Background. PPACA requires all non-exempt individuals to obtain minimum essential health coverage or pay a penalty. To encourage compliance, PPACA authorizes the IRS to provide health insurance premium tax credits to eligible individuals whose incomes are between 100 and 400 percent of the federal poverty level. Premium tax credits are, however, only available to individuals who purchase coverage through the insurance exchanges.


PPACA contemplates that states will establish their own health insurance exchanges. However, when a state fails to establish its own exchange, PPACA authorizes the federal government to set up and operate an exchange for that state.


Two sections of PPACA (that describe the process for calculating the amount of the premium tax credits and determining what months can be covered by tax credits) provide that the tax credits are available for an individual enrolled in a qualified health plan "through an exchange established by the State." IRS regulations, however, allow premium tax credits to be awarded to for health insurance coverage purchased through both state and federal insurance exchanges.


Halbig v. Burwell. In Halbig v. Burwell, a three-judge panel of the Court of Appeals for the District of Columbia invalidated the IRS regulations.
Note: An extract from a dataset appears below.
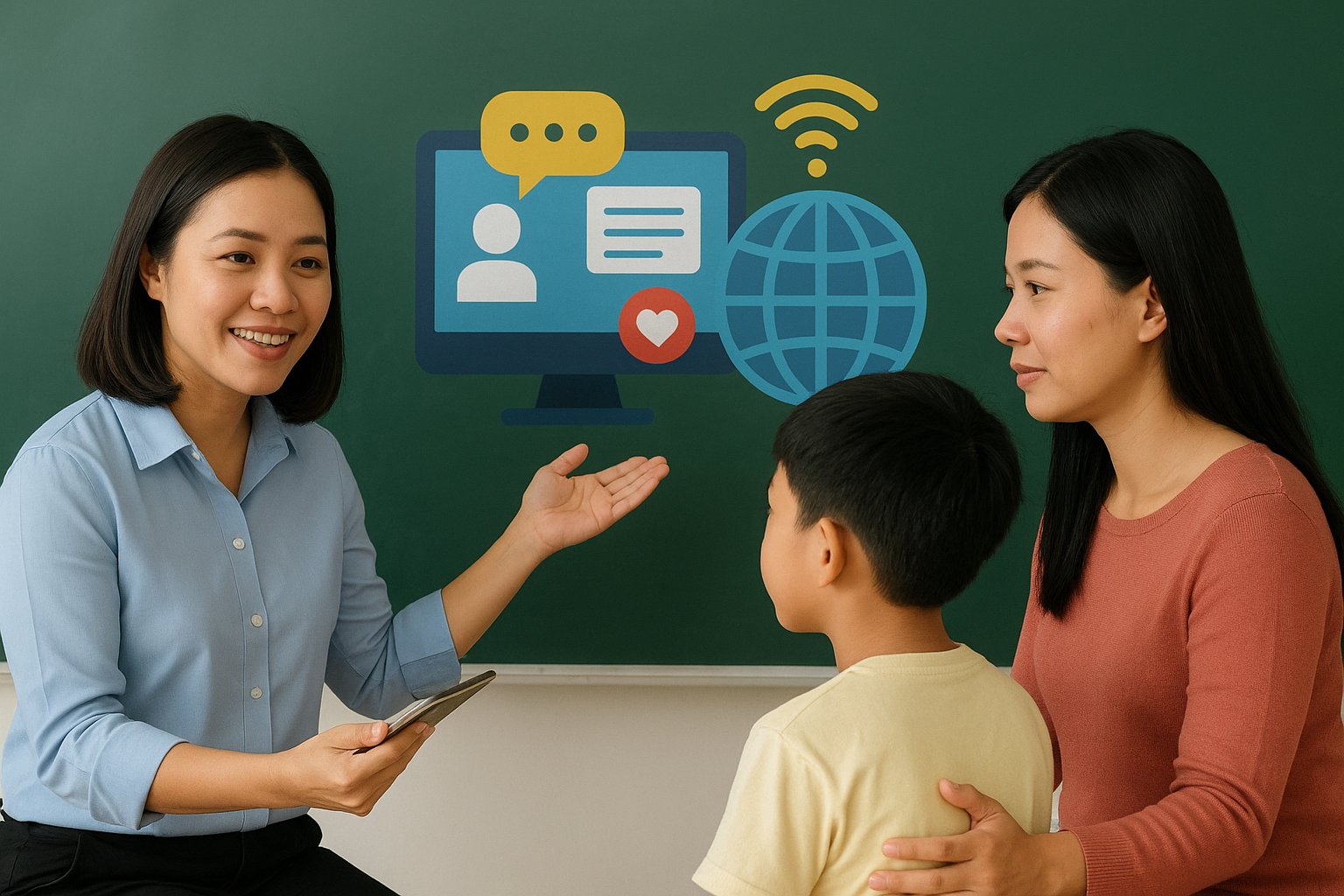 Kota Bekasi - literasi digital & pembinaan karakter anak di era media sosial. Foto: AI for Gobekasi.id.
In making this ruling, the majority observed that PPACA only authorizes a tax credit for insurance purchased through an exchange established by one of the fifty states or Washington, D.C. The majority next determined that the IRS had interpreted PPACA too broadly to authorize the tax credits for insurance purchased through an exchange established by the federal government. Accordingly, the majority ruled that a federal exchange is not an "exchange established by the State" and, as such, PPACA does not authorize the IRS to provide tax credits for insurance purchased through a federal exchange.


King v. Levy. In King v. Levy, the Court of Appeals for the Fourth Circuit upheld the IRS's premium tax credit regulations, because the authorization of these tax credits is a permissible exercise of the agency's discretion.


In reaching this determination, the court noted that it is clear the tax credits are essential to fulfilling PPACA's purpose and that Congress was aware of their importance when drafting the legislation. The court also observed that the relevant provisions of PPACA regarding the tax credit were ambiguous and that the IRS crafted a rule that ensured the tax credits' broad availability. As a result, the court determined that the IRS's regulations were a permissible interpretation of the ambiguous provisions and that it must defer to the IRS's regulatory authority to make such interpretations.


The decision in Halbig is to be reexamined by the entire District of Columbia court and, should it uphold the prior decision, this issue may make its way to the U.S. Supreme Court. In the meantime, the Obama Administration has stated that it will continue to provide tax credits in states that have federally operated exchanges.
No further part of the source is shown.